10. The method according to claim 9, characterized in that, The step of determining the target user's weak knowledge points across multiple knowledge areas based on the historical exam information of the users with similar scores and structures includes: Based on the historical exam information of the users with similar scores and structures, determine the degree of mastery of the users with similar scores and structures over the multiple knowledge points; For each of the multiple knowledge points, if a preset number of users with similar knowledge levels meet the criteria for setting weak knowledge points, then the knowledge point is identified as a weak knowledge point for the target user.

11. The method according to claim 1, characterized in that, Determining the learning vector for the target user regarding the multiple knowledge points includes: Obtain the target user's historical test questions; Determine the feature vector corresponding to each of the historical test questions, wherein the feature vector represents the target user's answering time, score information and average score rate, difficulty information of the historical test questions, and knowledge points corresponding to the historical test questions; Based on the feature vectors corresponding to each of the historical test questions, the learning vectors for the target user for the multiple knowledge points are determined.

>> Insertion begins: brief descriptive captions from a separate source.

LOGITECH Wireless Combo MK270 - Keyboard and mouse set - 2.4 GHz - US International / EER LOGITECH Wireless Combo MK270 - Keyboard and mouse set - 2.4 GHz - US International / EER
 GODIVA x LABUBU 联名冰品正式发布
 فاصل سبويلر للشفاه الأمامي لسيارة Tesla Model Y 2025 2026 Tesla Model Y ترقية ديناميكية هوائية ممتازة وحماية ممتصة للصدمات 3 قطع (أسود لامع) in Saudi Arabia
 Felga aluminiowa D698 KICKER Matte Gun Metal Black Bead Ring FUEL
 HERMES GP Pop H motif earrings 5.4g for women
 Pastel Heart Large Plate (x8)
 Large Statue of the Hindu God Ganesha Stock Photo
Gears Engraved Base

12. The method according to claim 11, characterized in that, Determining the feature vectors corresponding to each of the historically answered questions includes: Using a question coding model, the feature vectors corresponding to each of the historically answered questions are determined; wherein, the training method of the question coding model includes: Obtain several sets of second training datasets, each set of second training datasets including sample test questions, and the average score rate and / or knowledge points corresponding to the sample test questions; Based on the aforementioned sets of second training datasets, the second model to be trained is trained to obtain the test item coding model.

13. A knowledge point recommendation device, characterized in that, include: The first identification module is used to identify the target user's weak knowledge points among multiple knowledge points; The second determining module is used to determine the learning vector of the target user for the multiple knowledge points, wherein the learning vector represents the target user's mastery of the multiple knowledge points; The recommendation module is used to recommend superior knowledge points to the target user based on the target user's weak knowledge points in multiple knowledge points and the target user's learning vector for the multiple knowledge points; The optimal learning knowledge points are determined based on the knowledge point discrimination degree and the knowledge point weakness degree. The knowledge point discrimination degree represents the historical mastery information of the weak knowledge points by users with similar scores and structures to the target user. The users with similar scores and structures are users whose learning vectors match those of the target user. The knowledge point weakness level represents the target user's future mastery of the weak knowledge points.

14. A computer-readable storage medium, characterized in that, The storage medium stores a computer program for executing the knowledge point recommendation method according to any one of claims 1 to 12.

15. An electronic device, characterized in that, include: processor; Memory used to store the processor's executable instructions; The processor is used to execute the knowledge point recommendation method according to any one of claims 1 to 12.